En una sinfonía, las secciones de instrumentos de una orquesta se encuentran al servicio de los temas musicales que transcurren a lo largo de los movimientos. A diferencia del concierto, donde el solista virtuoso subordina a los demás elementos orquestales, la sinfonía evidencia la colaboración integral de todos, en función de las unidades temáticas.
La forma sinfónica tuvo origen en el periodo clásico de la música académica, en la segundad mitad del siglo XVIII, y se desarrolló ampliamente a lo largo del periodo romántico y postromántico en los siglos XIX e inicios del XX. En esa larga experiencia, se reconocen las composiciones sinfónicas de Haydn, Mozart, Beethoven, Schubert, Brahms, Dvorak, Bruckner, Mahler, Strauss, entre otros grandes creadores.
Más allá de la experiencia estética que se vive al oír una sinfonía de cualquier repertorio, podemos descubrir la profundidad espiritual que hay detrás del ejercicio sinfónico.
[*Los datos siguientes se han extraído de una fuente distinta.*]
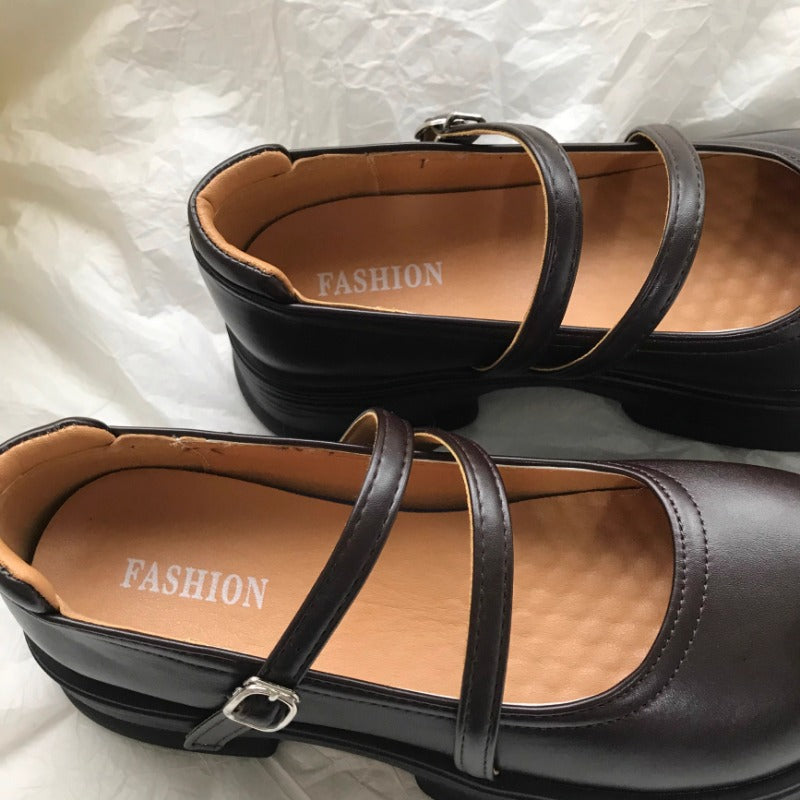 Glossy Double Strap Mary Janes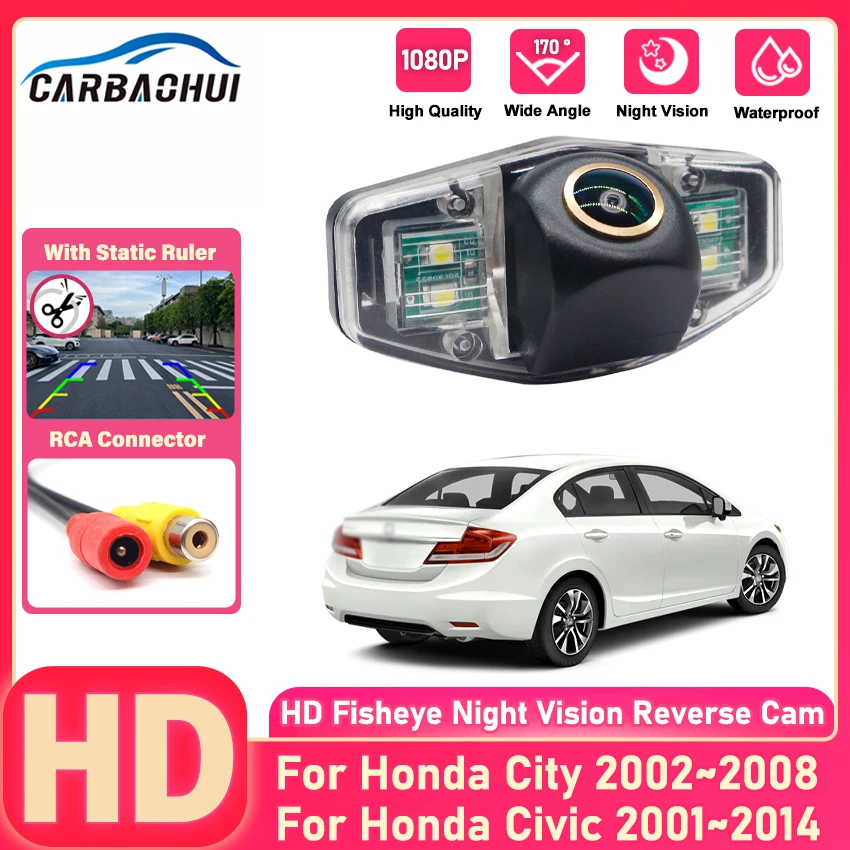 Goldene Fisheye-Objektiv-Nachtsicht-HD-Rückfahrkamera CCD-Rückfahrkamera für Honda City 2002~2008 Civic 2001~2014.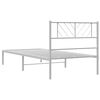 vidaXL Cadre de lit m&eacute;tal sans matelas avec t&ecirc;te de lit blanc 75x190cm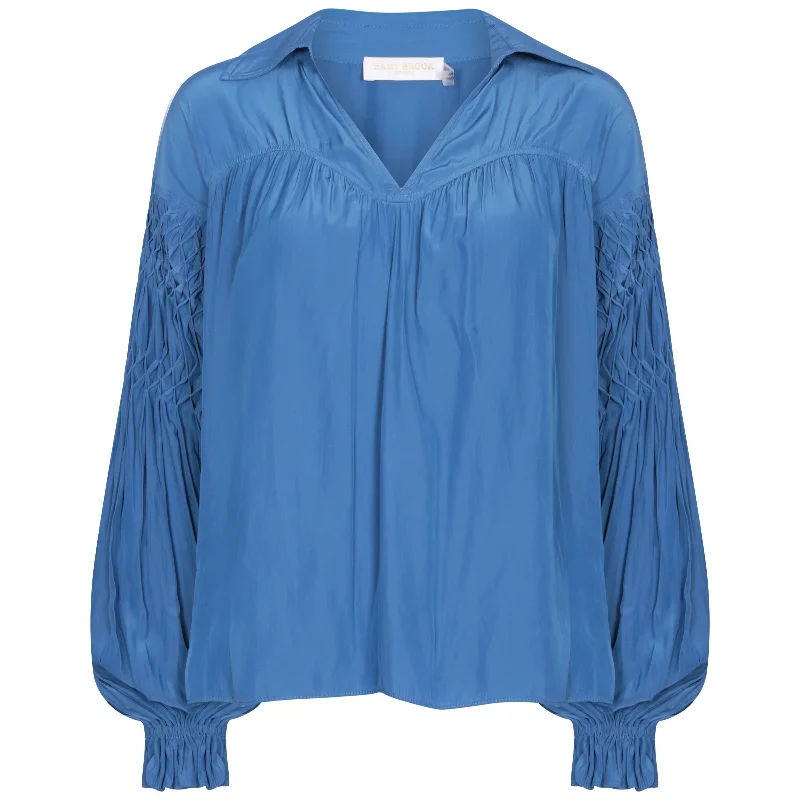 Scarlett Blouse True Blue Delicate Pleat Blouse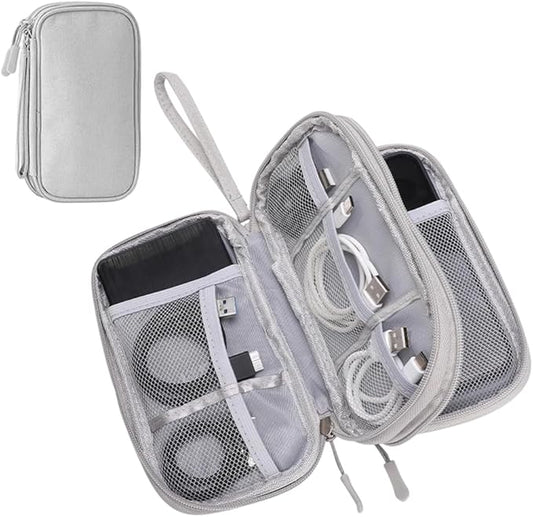 Qeuxv 2026 Travel Cable Organizer Pouch, Electronic Accessories Carry Case, Portable Waterproof Double Layers All-in-One Storage Bag for Cable, Charger, Mobile phone, Headphones (Grey)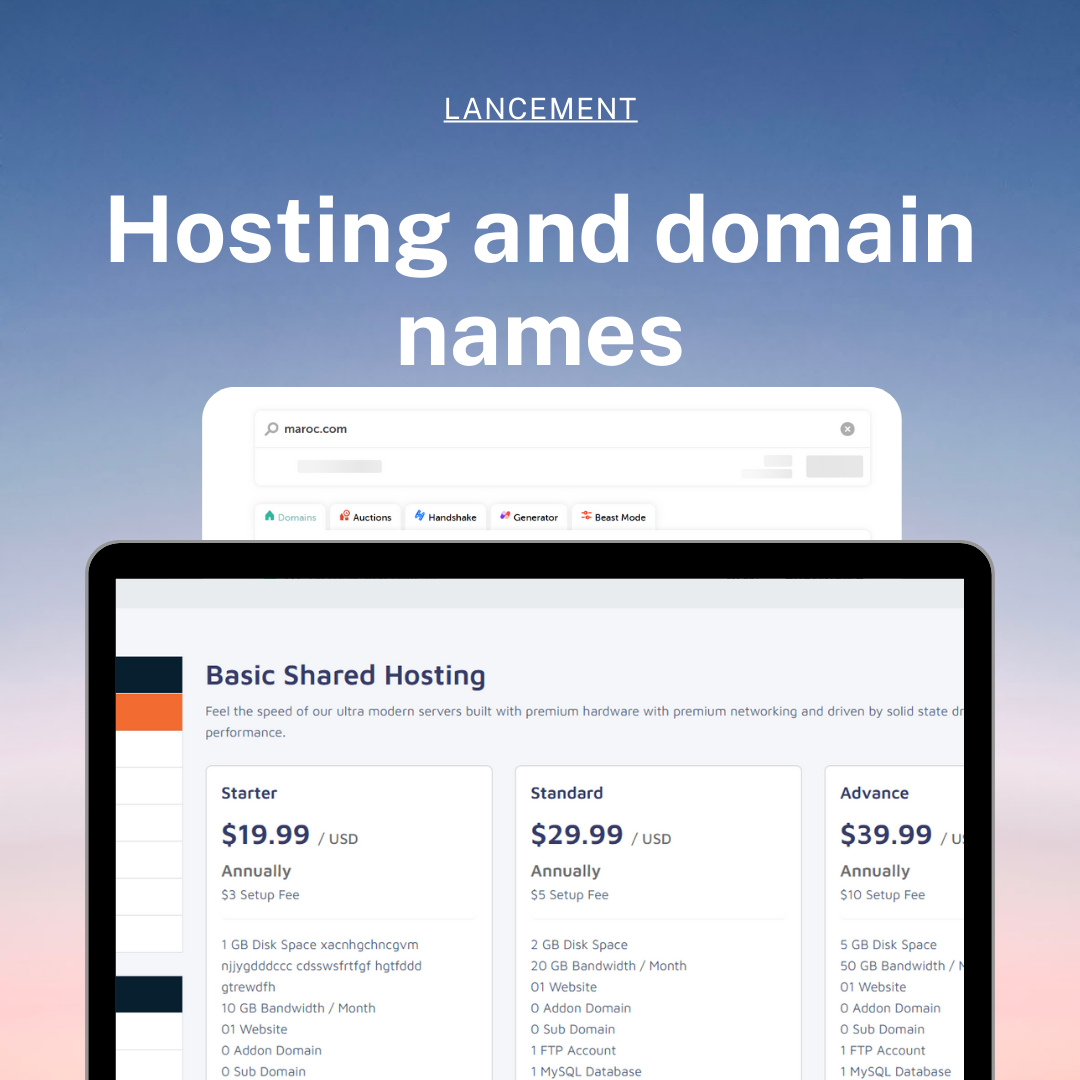 Hosting and domain names - CUSTOM Development
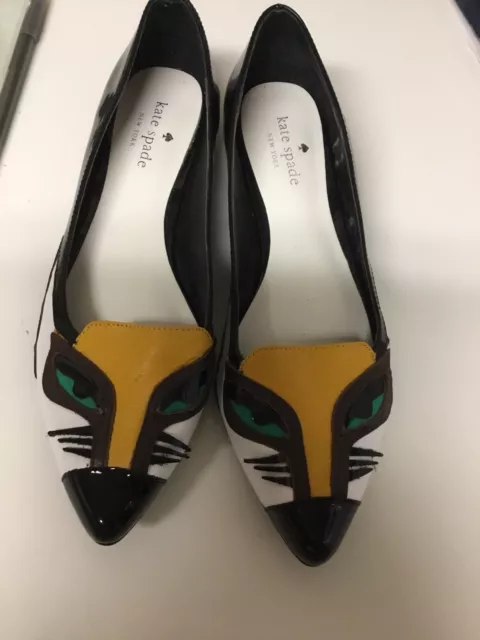 Kate Spade New York  Black Fox Shoes Size 7 Very Rare Unique EUC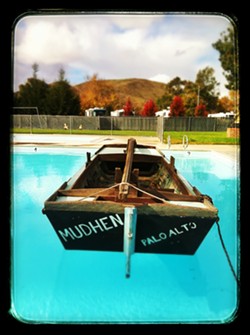 SPLASH DOWN! :  The Mudhen in the SLO Elks Lodge pool. - PHOTOS BY GLEN STARKEY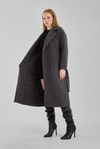 Antrasit Buklet Kaşe Oversize Kaban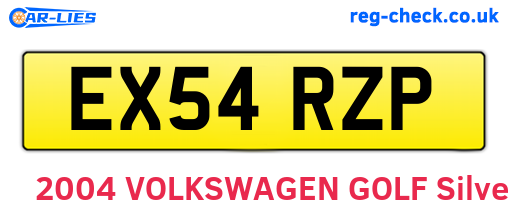 EX54RZP are the vehicle registration plates.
Cada parte colabora solidariamente a favor de algo mayor: la concordia unitaria que proviene del diálogo de las diversidades. En el caso de las sinfonías, las particularidades no se excluyen, no se repelen; cada una se reconoce (y es reconocida) como necesaria para ese todo sonoro que resuena al unísono en diversos pasajes de la obra.
Por todo ello, la verdad es sinfónica porque todos estamos en condiciones de colaborar, solidariamente, para el encuentro emancipador que implica estar frente a ella. Estar delante del “esplendor de la verdad” (Juan Pablo II), nos prepara para liberarnos de la superficialidad y del prejuicio, a fin de conocer la realidad en su prodigiosa complejidad. Arrancarle el velo a la oscuridad del mundo, nos permite ubicar las raíces de aquello que nos aflige como comunidad humana y como sociedad específica.
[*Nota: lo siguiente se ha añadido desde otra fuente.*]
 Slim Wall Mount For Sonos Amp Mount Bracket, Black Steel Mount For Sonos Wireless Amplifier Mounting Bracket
Pero esta disposición sinfónica hacia la verdad implica asumir (particularmente) quiénes somos dentro del conjunto social. También, no llama a reconocer que no todos piensan del mismo modo ni todos poseen las mismas creencias y conocimientos. Pero no se trata de situarse, cada uno, en una tolerancia relativista sin un marco común de convivencia y de diálogo. Al contrario, nos obliga moralmente a aprender a ceder, a evitar los puntos de discordia y centrase en lo realmente importante. Incluso, nos exige a considerar que a veces el otro puede poseer mejores razones que las nuestras.
Parecería ingenuo que, en tiempos de creciente tensión entre grupos humanos, por razones culturales, de género, religiosas, lingüísticas, étnicas, etc., instemos el sentido sinfónico de la verdad. Si lo hacemos, es porque estamos observando cómo el odio está ganando espacios más amplios al interior de las relaciones humanas de diverso tipo.
Así, la verdad sinfónica es solidaria, se descubre colectivamente y nos permite enfrentar la realidad en toda su crudeza, más aún cuando el colapso social de muchas naciones pueda ser inminente. Hay problemas reales que todos sufriremos en mayor o en menor medida en un breve plazo y que debemos resolver como sociedades. Por consideración al futuro de la humanidad, de nuestros países, cedamos en lo secundario y centrémonos en los esencial. Es el momento de los equilibrios, de las mesuras, de la armonía entre las partes, como en las bellas y logradas sinfonías de Mozart, de Schubert o de Brahms. Las metáforas provenientes de las artes nos pueden servir de gran ayuda.